- USC researchers pinpoint 15 loci – specific positions of a gene or DNA sequence on a chromosome – that accelerate or halt brain aging.
- Genetic analysis reveals an overlap between genes associated with schizophrenia, depression, insomnia, and cognitive functioning.
Our genes, along with environmental factors, dictate how our brains change with age . However, scientists are still exploring the timeline of these changes and which genes are responsible for speeding up or slowing down brain aging.
Published in the journal Nature Neuroscience, researchers from the Enhancing NeuroImaging Genetics through Meta-Analysis (ENIGMA) consortium analyzed brain scans from 15,640 subjects (aged 4 to 99) to examine the rate of tissue growth and atrophy in various brain regions, particularly those linked to memory, cognition, and behavior. The researchers also pinpointed 15 genetic loci that either accelerate or halt brain aging. What’s more, investigators highlighted an overlap between genes associated with schizophrenia, depression, insomnia, and cognitive functioning. Taken together, the findings from the study provide insight into potential new drug targets that improve overall brain health and combat neurodegenerative disorders like Alzheimer’s.
Key Structural Brain Changes Across Lifespan
Prior to genetic analysis, Thompson and colleagues measured the rate of change of 15 brain structures across a lifespan. 14 of these brain structures, particularly regions responsible for learning and memory (hippocampus), exhibited notable structural decline over time. While the structure of the hippocampus appeared to remain stable between the ages of 7 and 35, imaging revealed structural reductions occurring between the ages of 55 and 75. This hippocampal shrinkage is known to hamper cognition and interfere with memory formation, both of which are hallmark symptoms of Alzheimer’s disease.

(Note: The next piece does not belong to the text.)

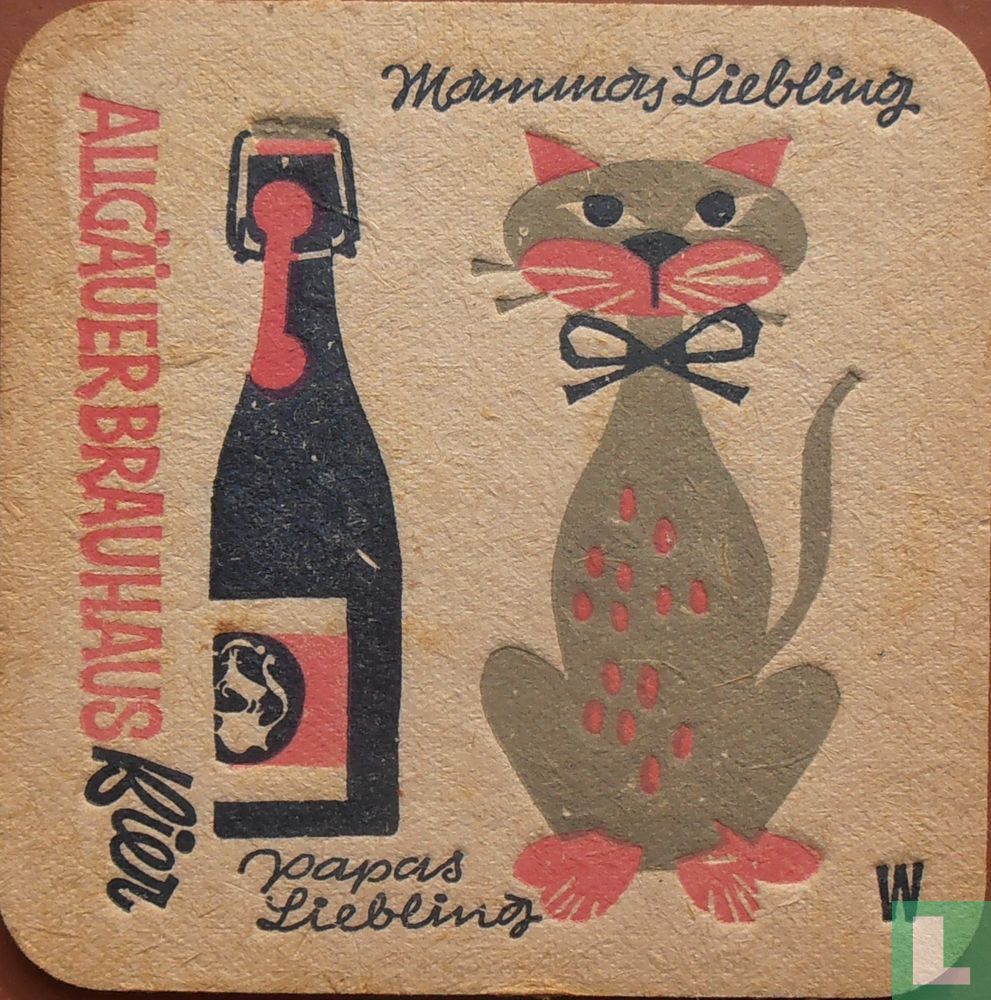 Mammas Liebling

Interestingly, only one brain structure, the lateral ventricles, seemed to progressively increase with age. Lateral ventricles are filled with cerebrospinal fluid (CSF), a clear liquid that delivers structural support to the brain and assists with nutrient circulation and waste removal. Lateral ventricle enlargement is heavily seen in patients with Alzheimer’s dementia, which makes sense given that the surrounding brain tissue shrinks and becomes susceptible to permanent damage following increased lateral ventricle volume.

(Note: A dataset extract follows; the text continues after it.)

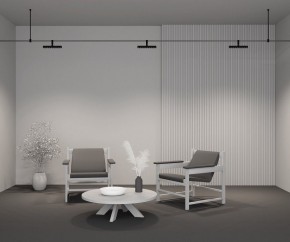 Светильник на штанге Maytoni Points Rot TR203-1-10W3K-S-B в Асбесте - asbest.ok-mebel.com | фото 6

So, while these initial findings provide insight into common structural brain changes during aging, Thompson and colleagues were more interested in pinpointing genetic loci that could accelerate or halt brain aging.
“The big game-changer here is discovering locations on the chromosome that speed up or slow down brain aging in worldwide populations. These can quickly become new drug targets,” states Paul Thompson, USC ENIGMA researcher and lead author of the study.
Genes Controlling Rates of Brain Change
Genetic analysis successfully located 15 genomic loci that boosted or slowed down brain aging. The investigators categorized each genetic variant — DNA sequence within a gene that varies between individuals — within each loci as either age-dependent or age-independent. Here, age-dependent gene variants are those that change during brain development and into adulthood, whereas age-independent gene variants remain constant over a lifetime. The most significant age-independent genetic variant was located in the GPR139 gene, which encodes receptor proteins responsible for facilitating responses to hormones and other extracellular – outside the cell – signals. Additionally, investigators found a strong association between GPR139 and rate of change in lateral ventricle volume, highlighting a potential new target to treat an abnormality – increased lateral ventricle volume – linked to Alzheimer’s.
Among the loci that contained statistically significant age-dependent genetic variants, two that stood out were located in the following two genes: APOE (apolipoprotein E) and DACH1. APOE is another famous Alzheimer’s linked protein that, in the absence of cholesterol, drives the degeneration of synapses – neuronal junctions that allow electrical or chemical signals to be transmitted between neurons. Moreover, investigators found a strong association between the genetic variant in APOE and the hippocampus’ rate of structural change, displaying gradual growth into adulthood and subsequent shrinkage.
Similarly, the genetic variant seen in DACH1, which participates in regulating gene activity, also promotes accelerated growth during childhood and gradual decline upon aging. DACH1 is asscosiated with changes in cerebral white matter, the connections in our brain that modulate communication between multiple brain regions to be integrated for higher brain functions. Overall, these findings show that there are specific gene variants associated with structural changes to the aging brain.
Identifying Novel Drug Targets
By tying specific loci to rates of structural brain changes, Thompson and colleagues have successfully widened our scope of understanding on brain aging and open the door for treatments that can optimally target biological pathways involved in overall brain health. Additionally, they even confirmed a genomic overlap between genes associated with schizophrenia, depression, insomnia, and cognitive functioning. This suggests that there might be a shared mechanism that can be targeted to treat multiple neurological disorders at once. Although the study’s findings helped clarify brain-structure-specific associations, more longitudinal brain studies are needed to solidify the connection between age and rates of change in brain structures across one’s lifespan.